Such views have become almost commonplace among media futurologists. The big difference with Stengel is that he has billions of dollars of advertising spending at his disposal to back his beliefs about how consumer behaviour and the market are changing, and as a result, some of that money is already on the move away from traditional media.

Stengel is global marketing chief of Procter & Gamble, one of the world's largest packaged- goods manufacturers, which runs a $6bn a year communications budget with a worldwide marketing staff of 3,800. The influence of the biggest marketer in the world is likely to get even greater if, as expected, P&G's planned $57bn acquisition of Gillette gets the go-ahead from regulators later this year.

The media industry got a severe fright earlier this month when, according to US reports, P&G just decided to cut its "upfront" advertising spending on cable television in the US by 25 per cent, with terrestrial television budgets getting trimmed by 5 per cent. P&G could, of course, re-enter the market and buy more airtime later next year if it chooses to do so. The negotiations on next season's advertising spending in the US are still continuing, so Stengel declines to discuss precise numbers, but a shift in the balance of spending is clearly under way. "I don't have a strategy to move out of TV. I don't have a strategy to move to the internet. We have a strategy to be with the consumer and how she's changing," says Stengel, who will have to start talking about "he" as well as "she" when the Gillette deal is done.

The approach is designed to be in tune with the marketing needs of individual brands in individual countries. Some of the advertising for teenage brands, for instance, will inevitably migrate to the internet or wherever teenage customers can be reached. "I'm not saying that for certain brands for certain countries for certain reasons we couldn't have dramatic changes in television, but it's not a strategy. Our strategy is to do what's right for the business and the consumer. When you gross that up at the corporate level, you are seeing some change," Stengel explains.

The P&G marketing director has so much more sophisticated data at his fingertips these days that if an American cable channel is being squeezed in the ever more fragmented television market, and the price of its advertising is disproportionately expensive, the disparity shows up immediately and action is taken.
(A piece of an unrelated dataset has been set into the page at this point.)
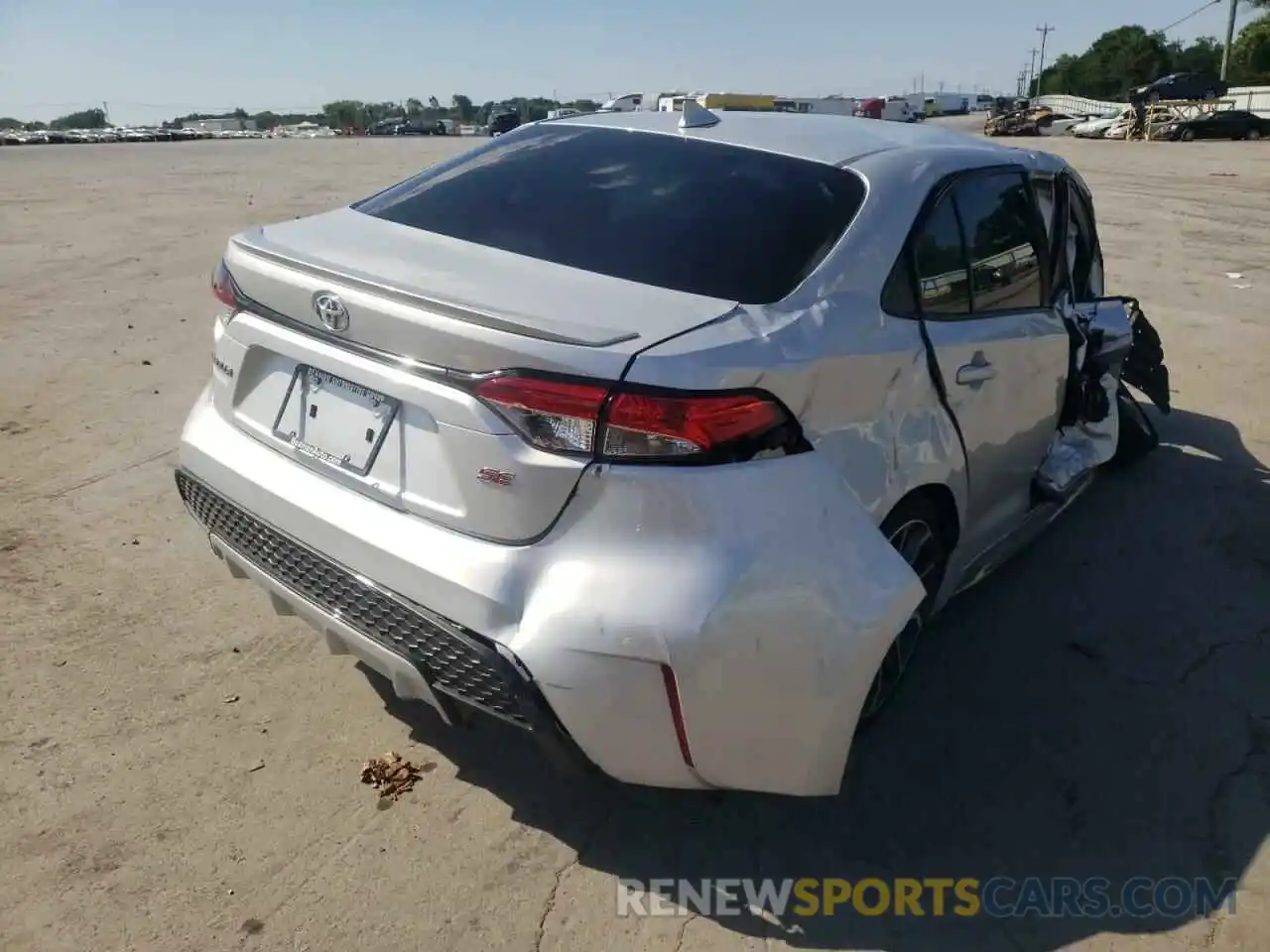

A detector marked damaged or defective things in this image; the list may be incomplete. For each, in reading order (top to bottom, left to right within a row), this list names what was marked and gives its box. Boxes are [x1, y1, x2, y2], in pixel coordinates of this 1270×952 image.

wrecked vehicle in background [174, 103, 1163, 796]
damaged car [179, 102, 1168, 796]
Stengel is talking in P&G's European headquarters in Geneva - in a former bank complete with vaults. In the spacious entrance hall there is a wall of backlit cabinets of the sort that normally contain art or antiquities. Instead, each compartment contains an important P&G artefact - such as box of Tide or a container of Pantene shampoo. Both are examples of the 16 P&G brands, which also include Pampers, Olay and Head & Shoulders, each with sales of more than $1bn a year.

Stengel has revolutionised P&G marketing since taking over three years ago from Bob Wehling, who had been at the US company for 40 years. As the media audience continues to fragment, Stengel has concentrated on getting closer to the consumer and trying to discover how they can be "served and delighted in every way". In the old days, a company such as P&G "thought about the product and we thought about the advertising. We are now thinking much more about the experience".

Teams of P&G people, including top executives such as Stengel, are now going out to live in consumers' homes to experience the reality of their lives. A team that went to rural China found that women were washing their hair once a week in cold water. As a result, new shampoo formulations were produced that performed better in such circumstances. "I don't like focus groups and I wish we would stop them, although they serve some purposes. It's about experiential research. It's about being in the environment," he stresses.

Stengel visited a poor single mother in Latin America and noticed two things relevant to his business. Despite her poverty, she had several premium shampoo brands, and a lot of the products she bought were from neighbours acting as local agents rather than from supermarkets. The presence of the premium PG shampoo was explained by a TV competition. She won a prize if the promoters knocked on her door and she could show the product. "In a small way, we are bringing in a little bit of hope, fun, joy," Stengel insists.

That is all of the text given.